Data extracted from a collection
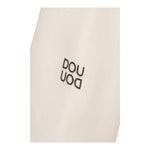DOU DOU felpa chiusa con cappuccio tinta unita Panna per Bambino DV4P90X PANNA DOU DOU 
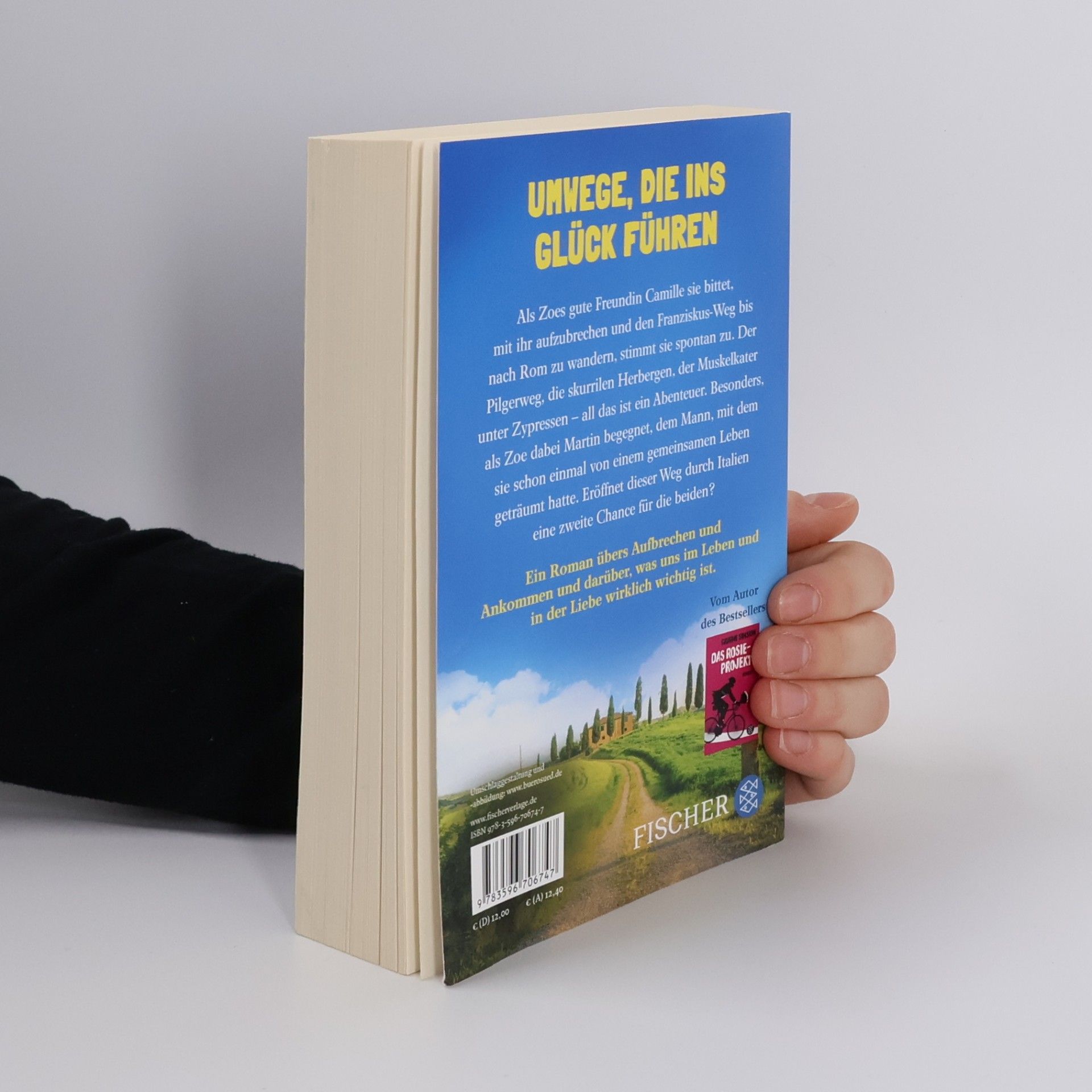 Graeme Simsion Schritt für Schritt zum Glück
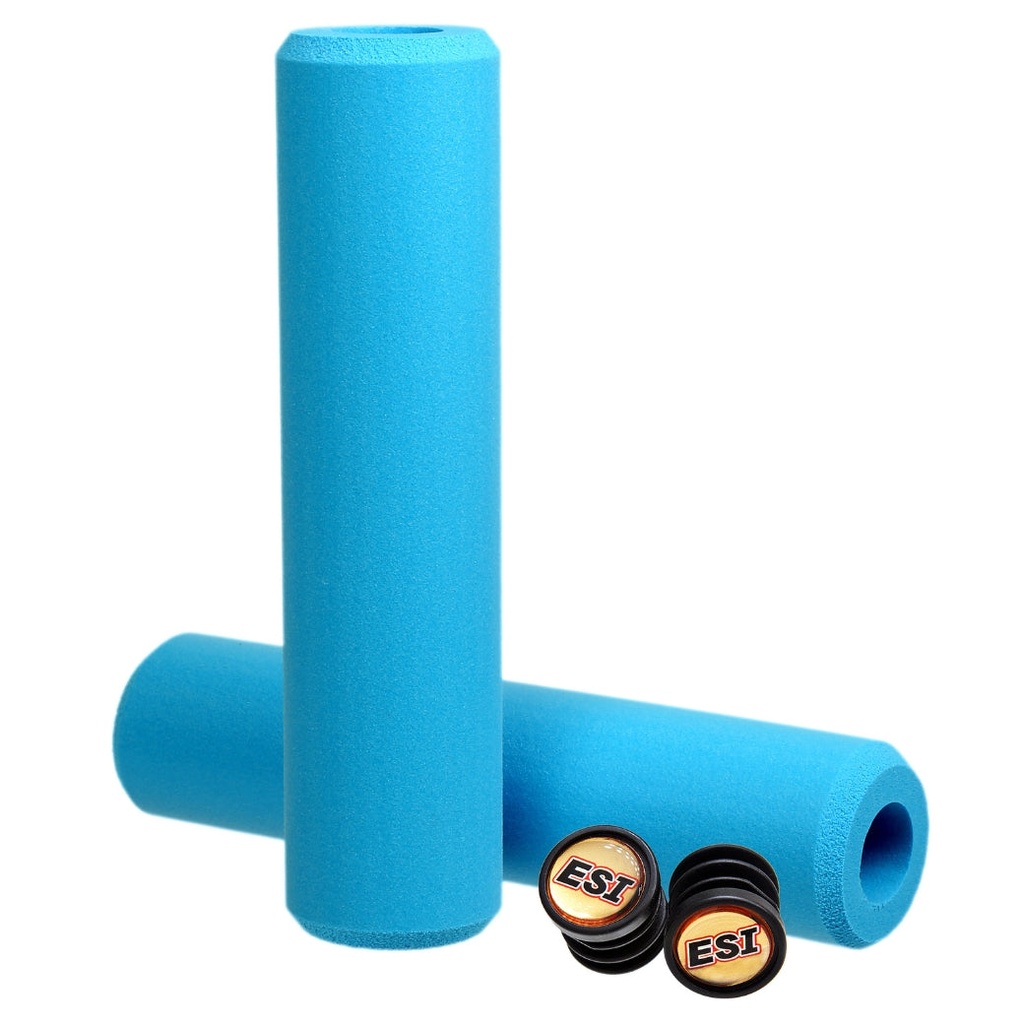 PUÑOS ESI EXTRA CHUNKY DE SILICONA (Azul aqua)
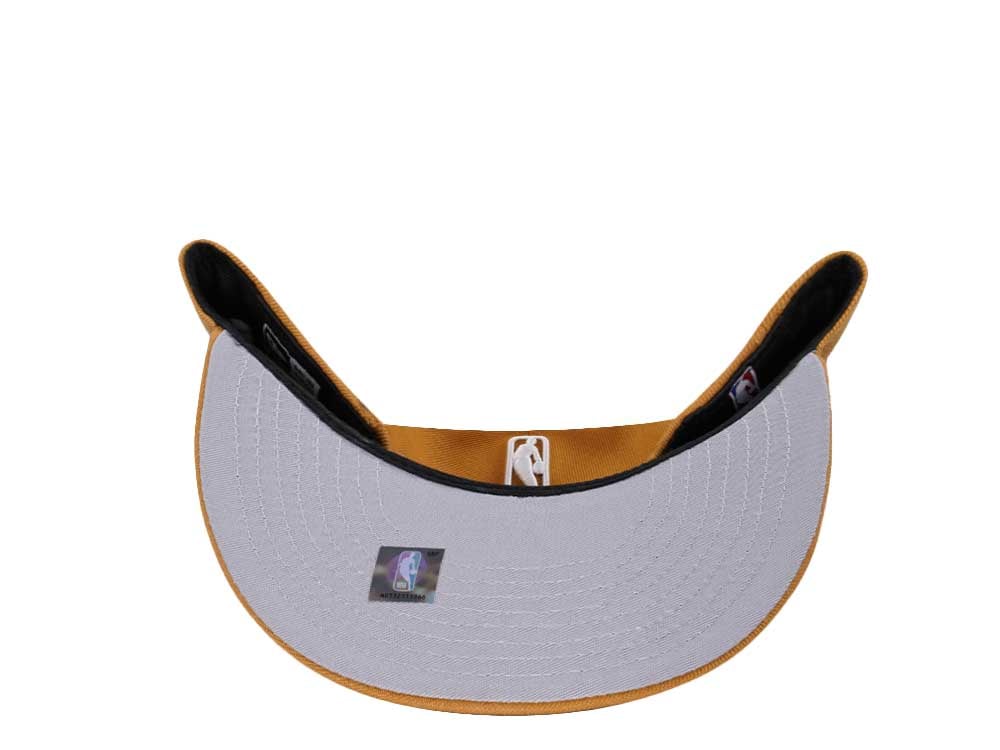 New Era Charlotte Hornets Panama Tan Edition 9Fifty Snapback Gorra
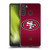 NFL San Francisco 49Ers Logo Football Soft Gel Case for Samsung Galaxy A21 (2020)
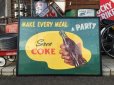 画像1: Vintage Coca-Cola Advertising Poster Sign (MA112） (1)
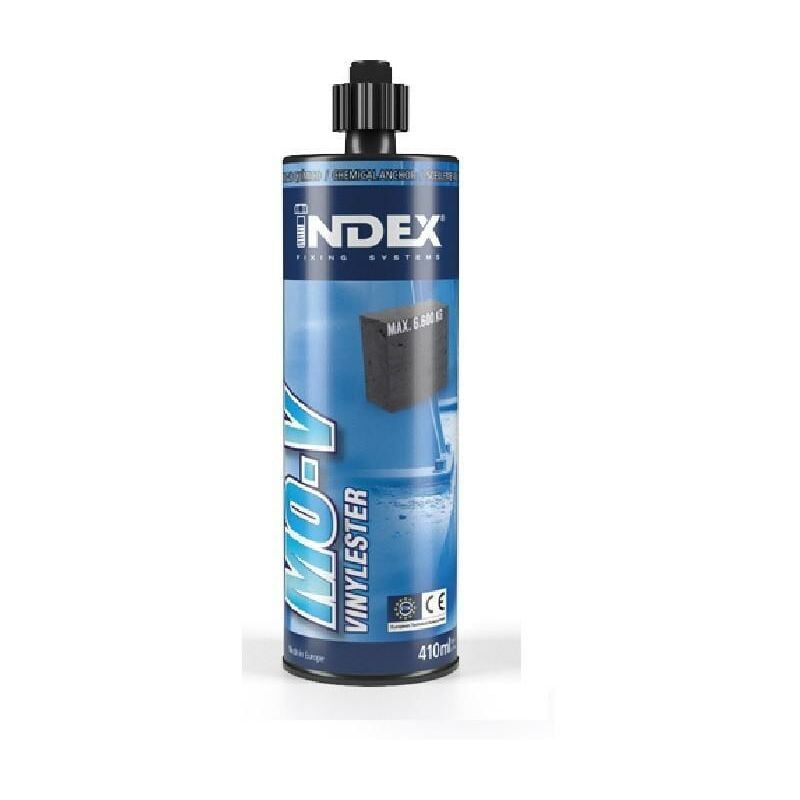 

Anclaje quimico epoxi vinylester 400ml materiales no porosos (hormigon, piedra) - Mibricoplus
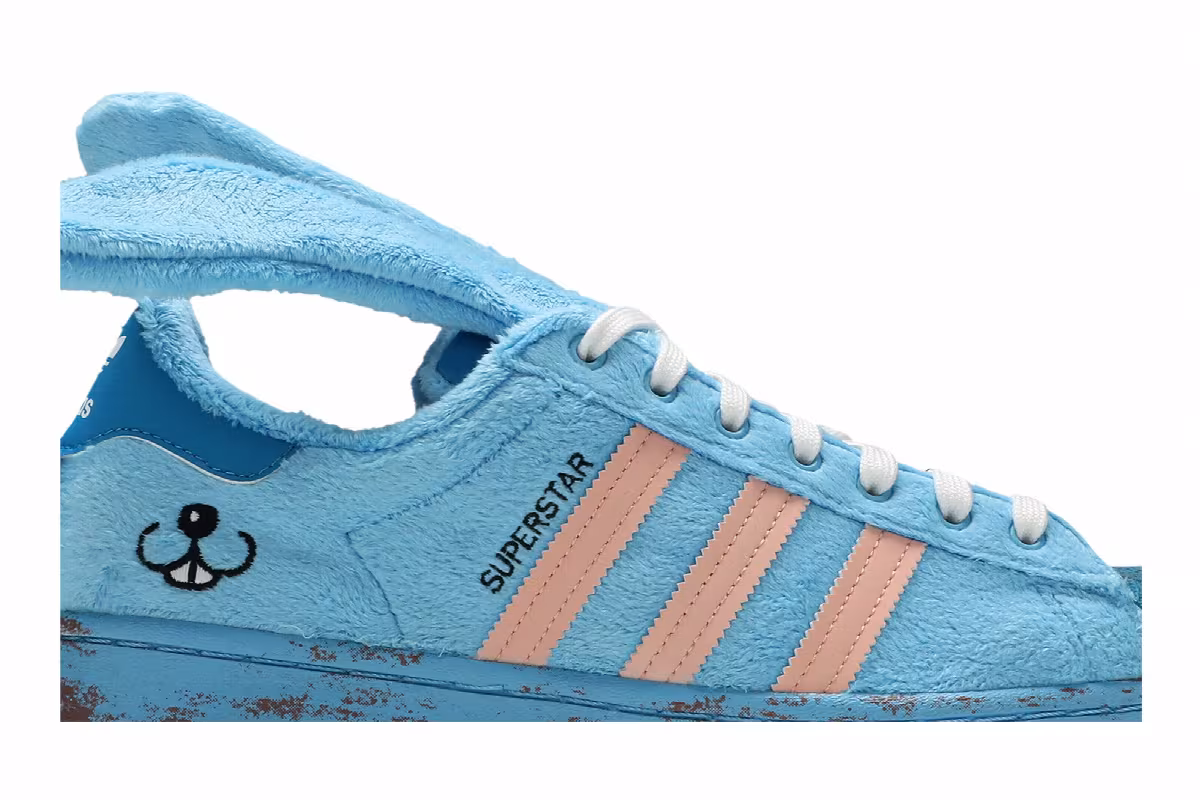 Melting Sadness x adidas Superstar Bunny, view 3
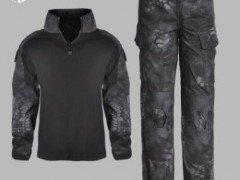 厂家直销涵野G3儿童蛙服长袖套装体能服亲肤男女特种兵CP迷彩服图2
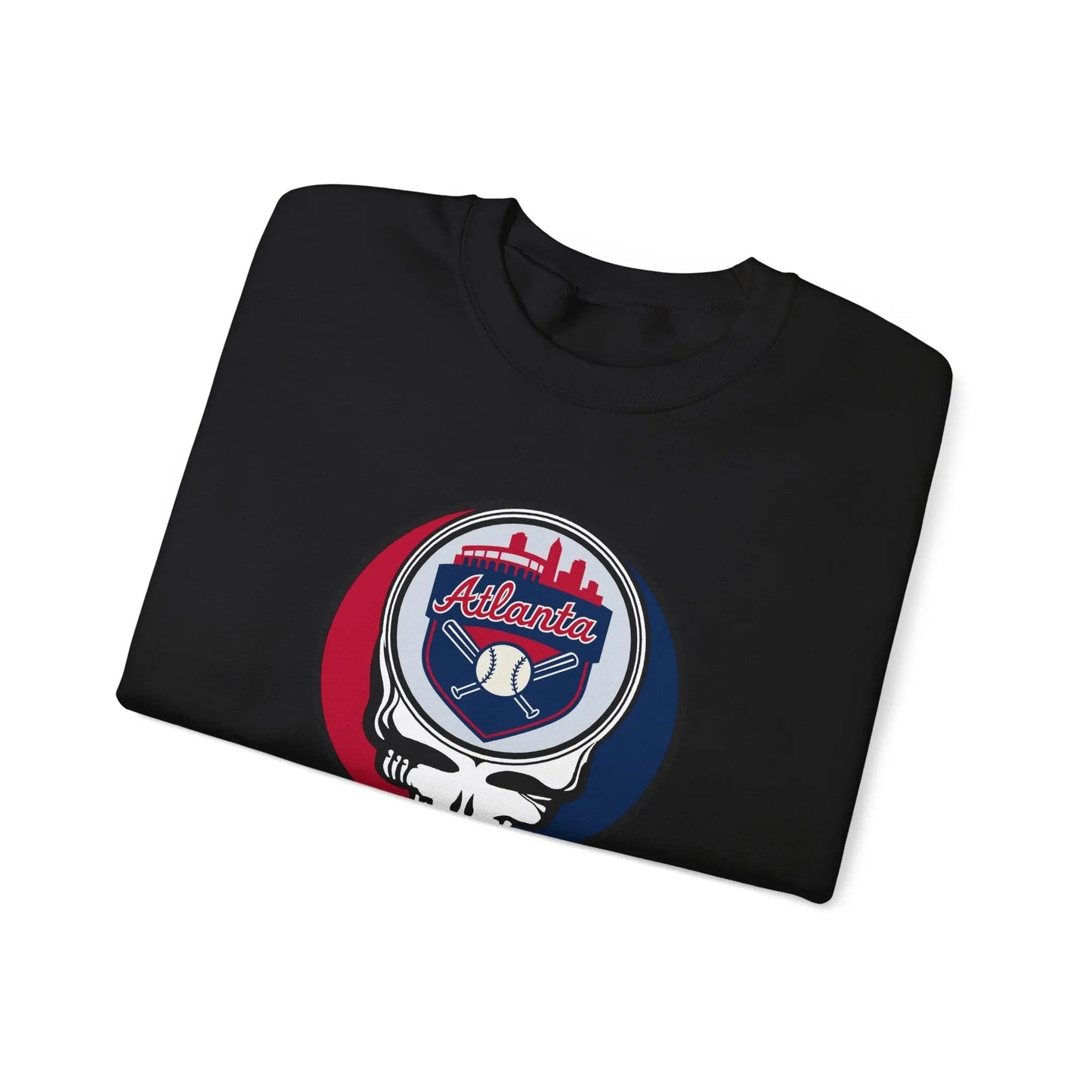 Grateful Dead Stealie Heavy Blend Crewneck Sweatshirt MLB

# Your assignment:
Any pictures above are to be left out. Retype the rest of the records exactly.

# Reply:
DOU DOU felpa chiusa con cappuccio tinta unita Panna per Bambino DV4P90X PANNA DOU DOU 
 Graeme Simsion Schritt für Schritt zum Glück
 PUÑOS ESI EXTRA CHUNKY DE SILICONA (Azul aqua)
 New Era Charlotte Hornets Panama Tan Edition 9Fifty Snapback Gorra
 NFL San Francisco 49Ers Logo Football Soft Gel Case for Samsung Galaxy A21 (2020)
 画像1: Vintage Coca-Cola Advertising Poster Sign (MA112） (1)

Anclaje quimico epoxi vinylester 400ml materiales no porosos (hormigon, piedra) - Mibricoplus
 Melting Sadness x adidas Superstar Bunny, view 3
 厂家直销涵野G3儿童蛙服长袖套装体能服亲肤男女特种兵CP迷彩服图2
 Grateful Dead Stealie Heavy Blend Crewneck Sweatshirt MLB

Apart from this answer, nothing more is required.